──────── Data section ────────

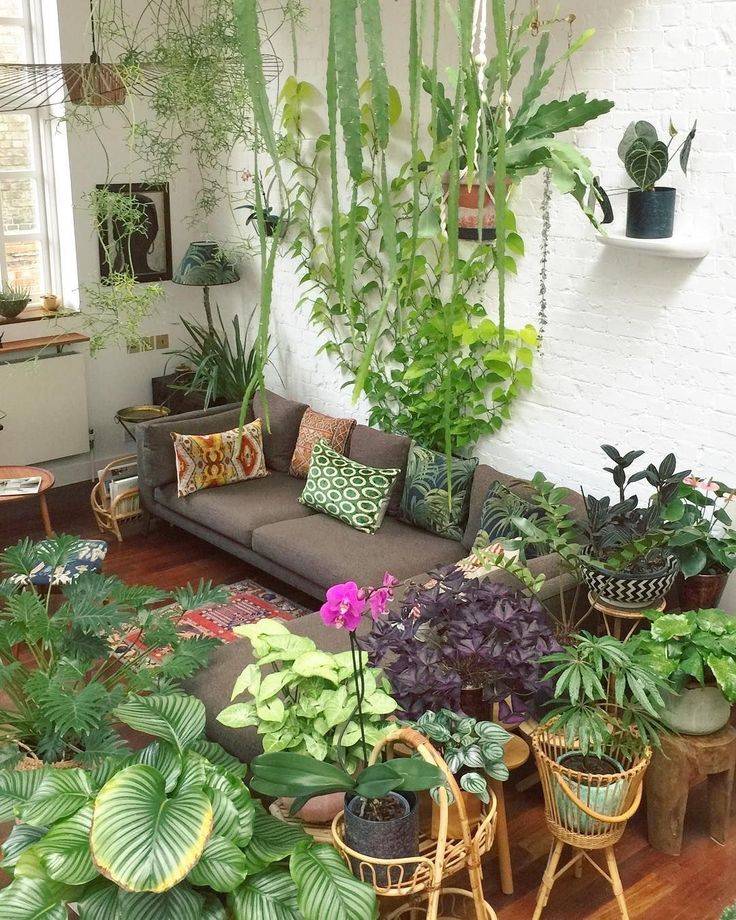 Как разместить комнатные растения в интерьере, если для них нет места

────────
──────── Data section ────────

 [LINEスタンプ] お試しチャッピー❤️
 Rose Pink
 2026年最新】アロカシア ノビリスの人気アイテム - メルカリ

────────

- What to work on
From the listing above, repeat exactly the lines starting at the line that includes "[LINEスタンプ] お試しチャッピー❤️" and ending at the line that includes "2026年最新】アロカシア ノビリスの人気アイテム - メルカリ", with nothing outside that span.

- Written response
 [LINEスタンプ] お試しチャッピー❤️
 Rose Pink
 2026年最新】アロカシア ノビリスの人気アイテム - メルカリ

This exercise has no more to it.